# Task details
Nothing but the lines from the one with "Used 2013 Ford Edge SE image 15" through the end of the records may appear in the answer, each reproduced exactly, pictures omitted.

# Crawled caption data

------

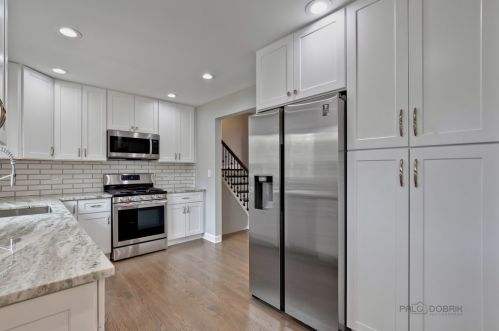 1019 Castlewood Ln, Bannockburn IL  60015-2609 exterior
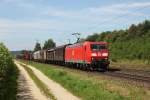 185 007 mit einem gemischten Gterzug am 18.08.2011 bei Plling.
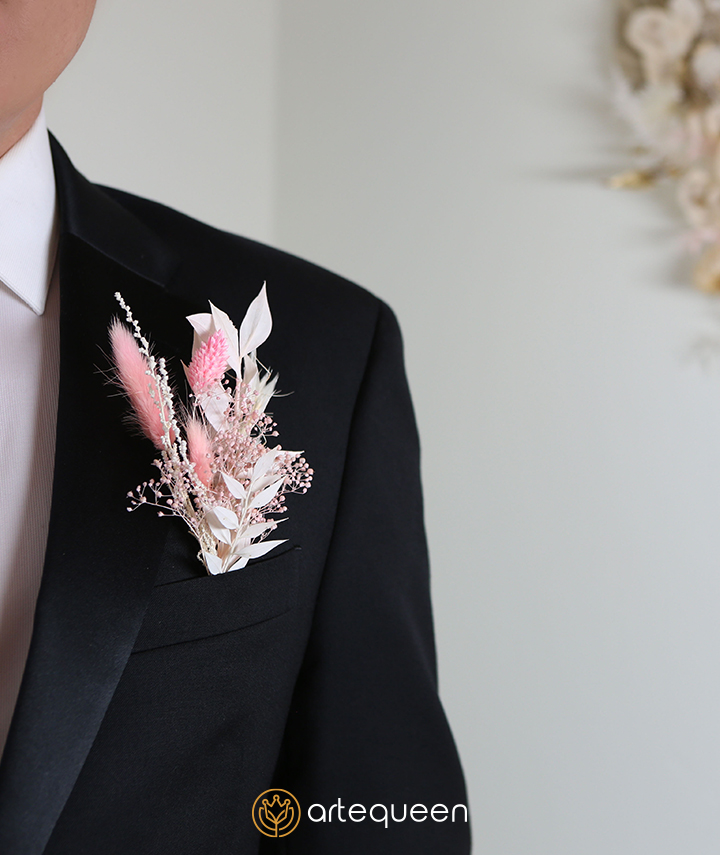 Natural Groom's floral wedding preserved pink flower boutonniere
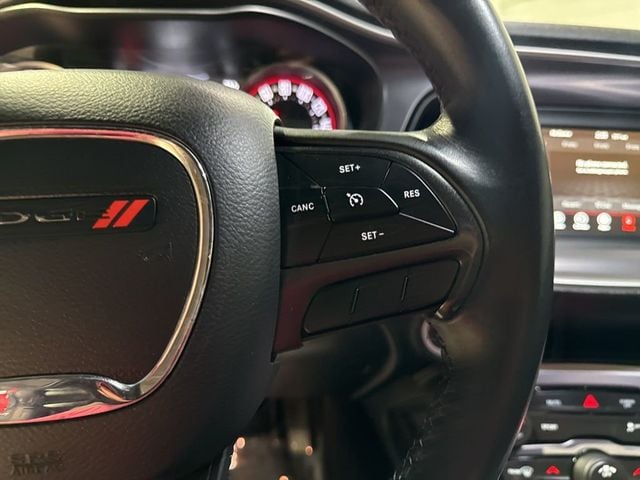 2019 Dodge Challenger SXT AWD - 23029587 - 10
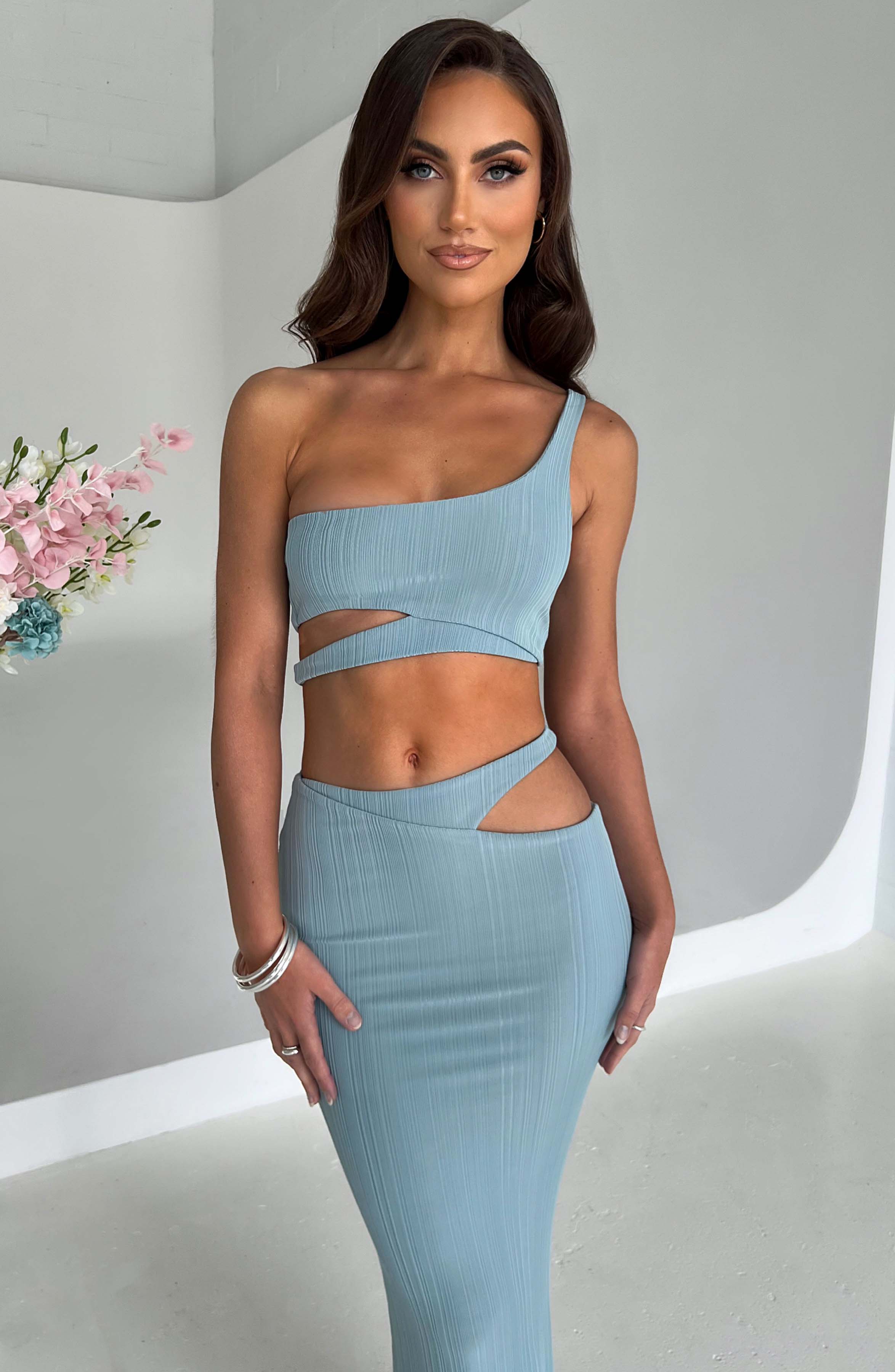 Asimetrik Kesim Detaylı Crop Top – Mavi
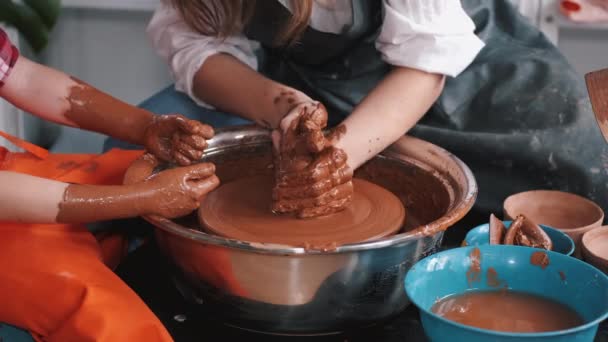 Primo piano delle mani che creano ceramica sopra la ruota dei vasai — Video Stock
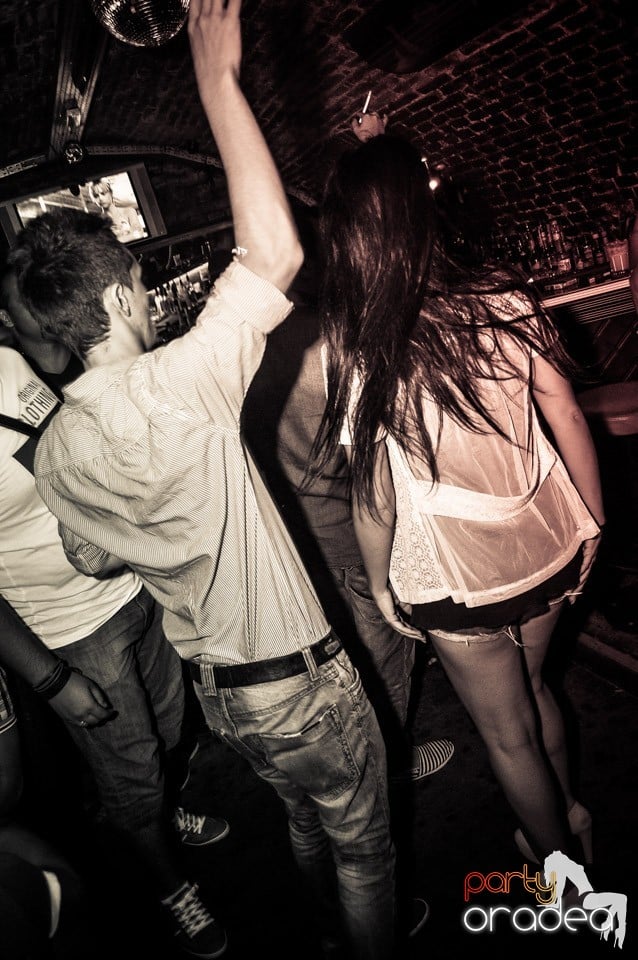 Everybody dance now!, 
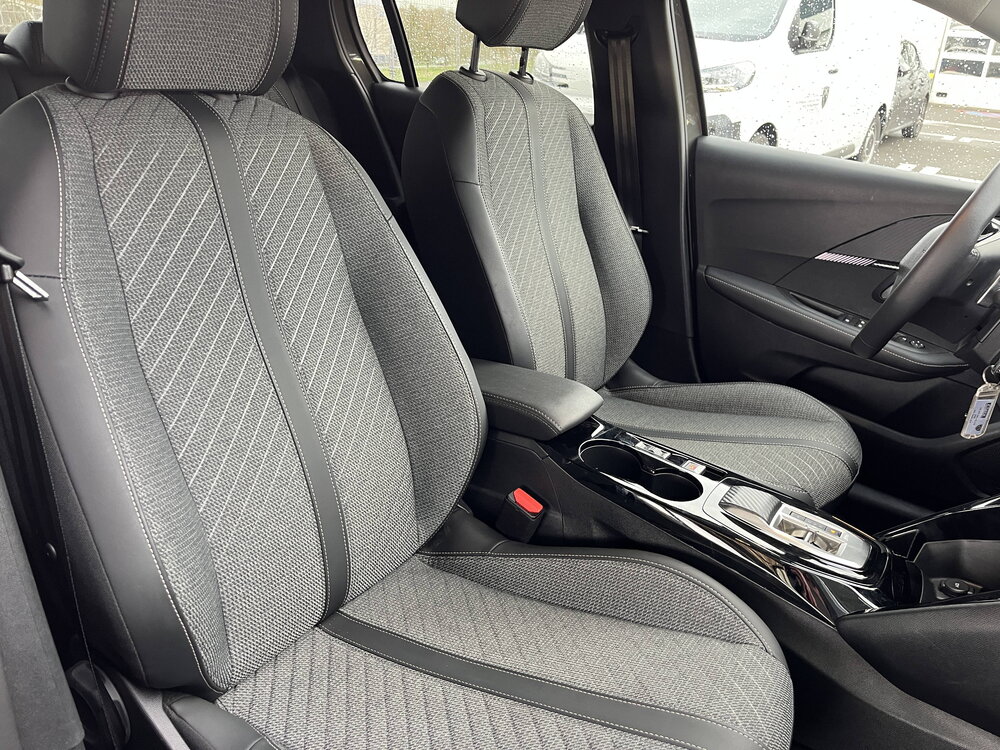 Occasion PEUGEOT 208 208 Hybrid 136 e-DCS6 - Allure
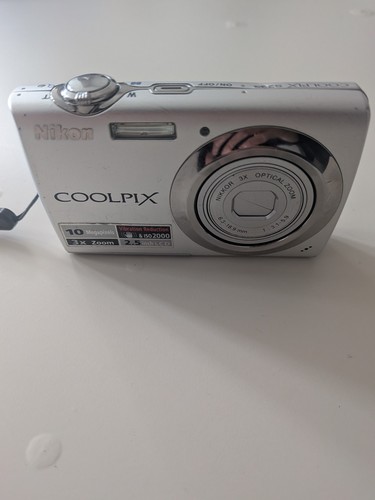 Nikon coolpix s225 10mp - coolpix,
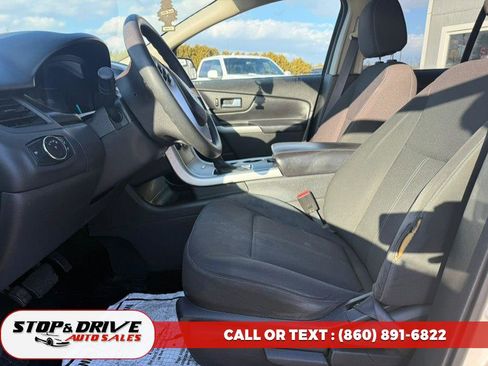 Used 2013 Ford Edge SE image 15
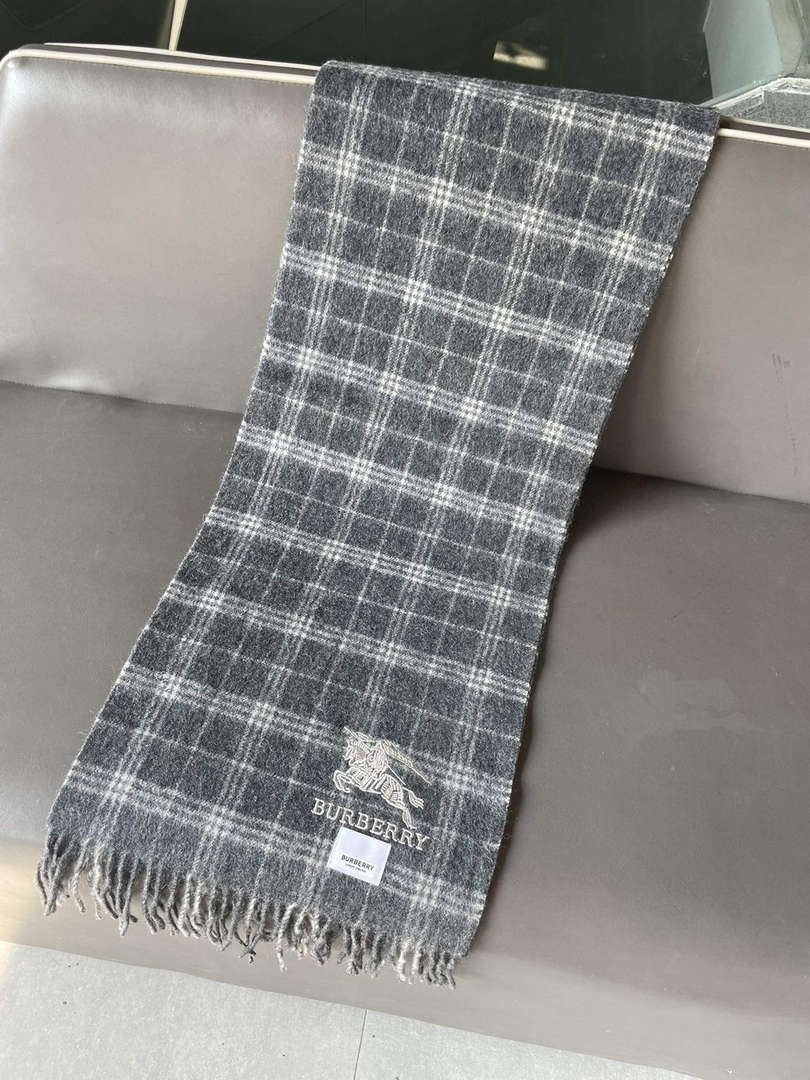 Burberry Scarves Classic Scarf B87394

------

# Solution to the problem
 Used 2013 Ford Edge SE image 15
 Burberry Scarves Classic Scarf B87394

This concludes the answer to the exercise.